Tetapi hari Tuhan akan tiba seperti pencuri. Pada waktu itu langit akan lenyap dengan gemuruh yang dahsyat dan unsur-unsur dunia akan hangus dalam nyala api, dan bumi dan segala yang ada di atasnya akan hilang lenyap. Jadi, jika segala sesuatu ini akan hancur secara demikian, betapa suci dan salehnya kamu harus hidup, yaitu kamu yang menantikan dan mempercepat kedatangan hari Allah.
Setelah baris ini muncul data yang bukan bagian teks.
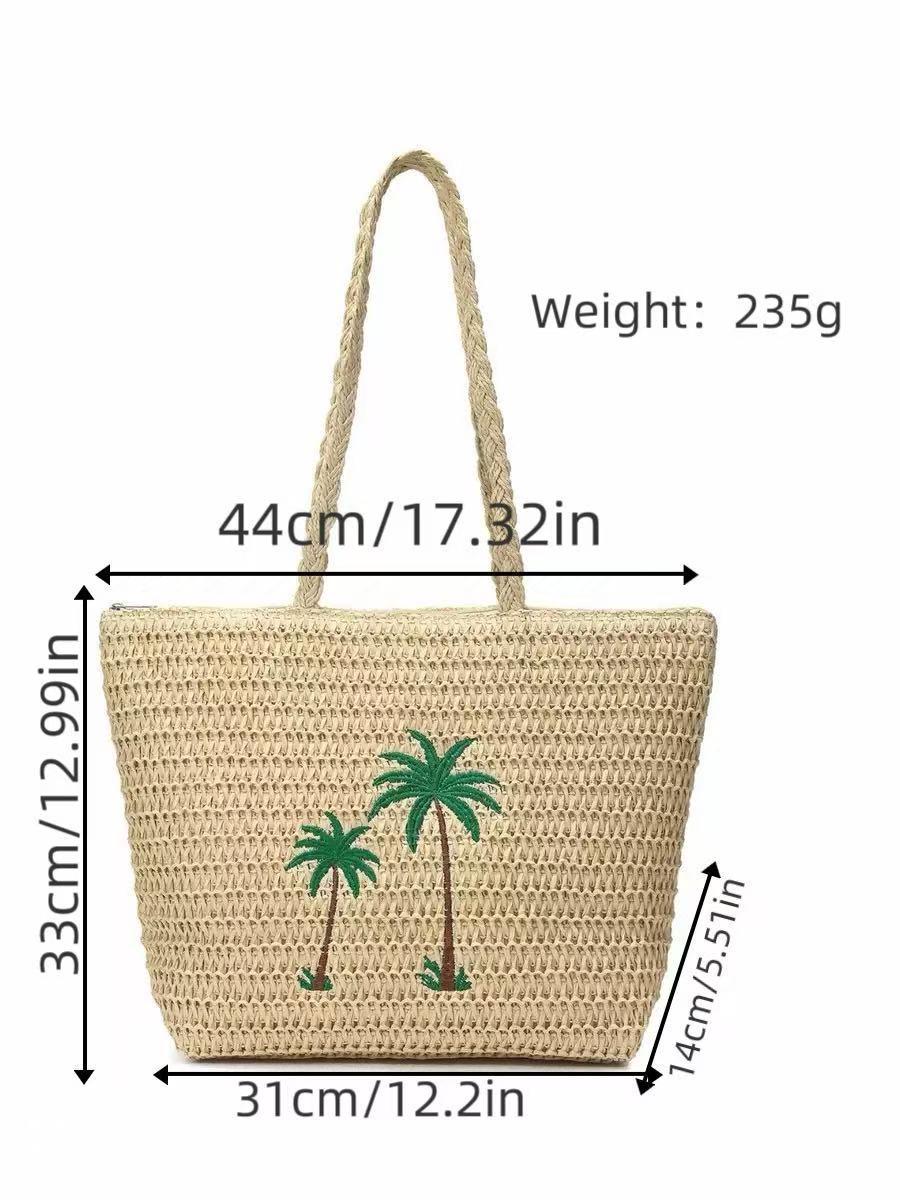 Beach bag with handcrafted palm pattern LoungeYard — product view 6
Pada hari itu langit akan binasa dalam api dan unsur-unsur dunia akan hancur karena nyalanya.” (2 Petrus 3: 5-12)

 

Seperti Nuh yang mau dipakai Tuhan pada jaman kegelapan melanda bumi, demikian juga kita sangat dinanti oleh Tuhan di jaman sekarang ini, dimana keadaan jaman sekarang,  tidak kalah gelap dibanding keadaan manusia pada jaman Nuh.

 

Kalau Nuh dengan ketaatan dan kesetiaannya kepada Tuhan dapat menghentikan penghukuman Tuhan atas manusia, demikian juga melalui ketaatan dan kesetiaan kita pada Tuhan, kita juga bisa dipakai untuk menyelamatkan sebanyak mungkin orang dari penghukuman kekal.

 

Dari satu orang  yaitu Nuh,  dapat menghentikan keputusan Allah membinasakan orang-orang di bumi dari air bah sampai akhir jaman, maka sekarang ini juga dari satu orang yaitu Anda dapat dipakai untuk  mewujudkan keputusan Allah  menyelamatkan semua orang di akhir jaman sekarang ini, dari hukuman nyala api yang dahsyat yang akan melanda langit dan bumi.

 

APLIKASI

  1. Kalau Allah bisa memakai Nuh, apakah Allah juga bisa memakai Anda?
  2. Kalau Allah juga bisa memakai Anda, apa tindakan Anda selanjutnya?

 

KOMITMEN PRIBADI

Kalau Nuh bisa dipakai Allah, akupun harus bisa.

 

DOA

Roh Kudus tolong kami,  agar kami bisa seperti Nuh yang hidup taat dan setia kepada Tuhan, untuk dipakai Tuhan menyelamatkan manusia generasi jaman sekarang ini.